7E De uitdrukkingen „Het Oude Testament” en „Het Nieuwe Testament”
2Kor 3:14 — Gr.: ἐπὶ τῇ ἀναγνώσει τῆς παλαιᾶς διαθήκης (eʹpi tei a·na·gnoʹsei tes pa·laiʹas di·a·theʹkes);
Lat.: in lectione veteris testamenti
1637 |
|
Statenvertaling. |
1963 |
|
Nieuwe-Wereldvertaling van de Christelijke Griekse Geschriften, Brooklyn (VS) (New World Translation of the Christian Greek Scriptures, Brooklyn [VS] 1950). |
Het is tegenwoordig algemeen gebruikelijk om de in het Hebreeuws en Aramees geschreven Geschriften als „Het Oude Testament” aan te duiden. Dit is gebaseerd op de weergave in 2Kor 3:14 in de Latijnse Vulgaat en de Statenvertaling. De christelijke Griekse Geschriften worden gewoonlijk „Het Nieuwe Testament” genoemd. Er zij opgemerkt dat in 2Kor 3:14 het woord di·a·theʹkes, evenals op de andere 32 plaatsen waar het in de Griekse tekst voorkomt, „verbond” betekent. — Zie App. 7D.

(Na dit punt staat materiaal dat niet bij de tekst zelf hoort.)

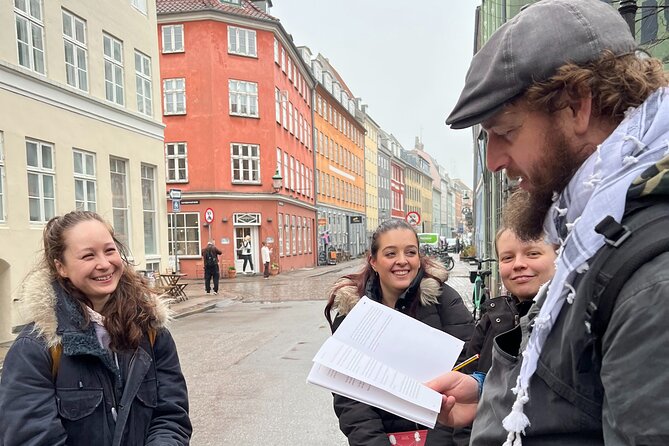 The Murder by Christiansborg Palace: Interactive Mystery Hunt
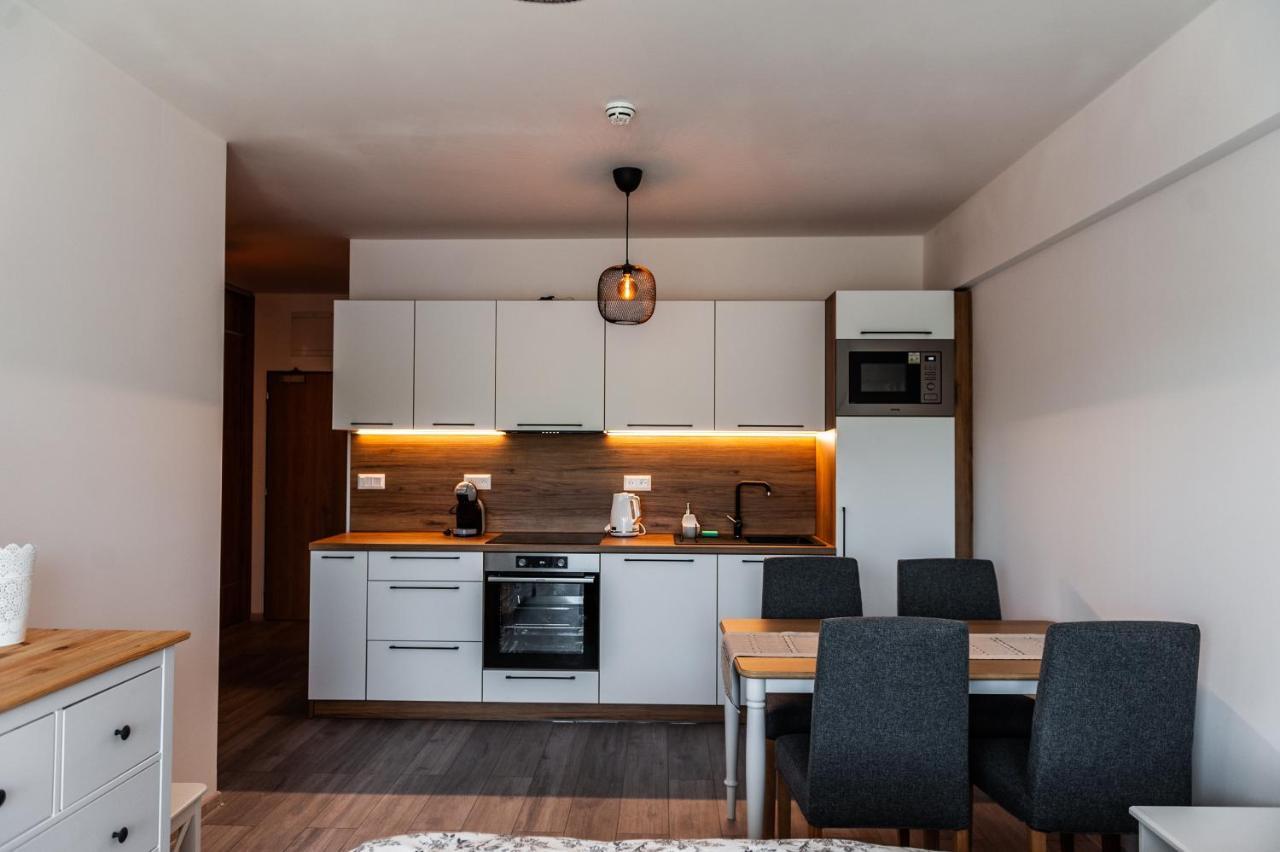 Apartmany Besen Bešeňová Dış mekan fotoğraf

Over de betekenis van het Latijnse woord testamentum (in de genitief testamenti) zegt Edwin Hatch in zijn werk Essays in Biblical Greek, Oxford 1889, blz. 48, dat „vanwege de onwetendheid met betrekking tot de filologie van het latere en gewone Latijn, vroeger werd aangenomen dat ’testamentum’, waarmee het woord [di·a·theʹke] in de vroege Latijnse vertalingen alsook in de Vulgaat wordt weergegeven, ’testament’ of ’uiterste wilsbeschikking’ betekende, terwijl het in feite ook, zo niet uitsluitend, ’verbond’ betekende.” Evenzo schreef W. F. Moulton in A Bible Commentary for English Readers by Various Writers, onder redactie van Charles Ellicott, New York, Deel VIII, blz. 309, dat „in de oude Latijnse vertaling van de Schrift testamentum de gewone weergave van het woord [di·a·theʹke] werd. Aangezien deze weergave echter zeer dikwijls wordt aangetroffen op plaatsen waar men onmogelijk aan een betekenis als uiterste wilsbeschikking kan denken (bijvoorbeeld in Ps. lxxxiii, 5, waar niemand zal veronderstellen dat de psalmist zegt dat de vijanden van God ’een testament tegen Hem hebben opgemaakt’), is het duidelijk dat het Latijnse testamentum in een uitgebreide betekenis werd gebruikt, beantwoordend aan de ruime toepassing van het Griekse woord.” — Zie Ps 25:10 en Ps 83:5 vtnn.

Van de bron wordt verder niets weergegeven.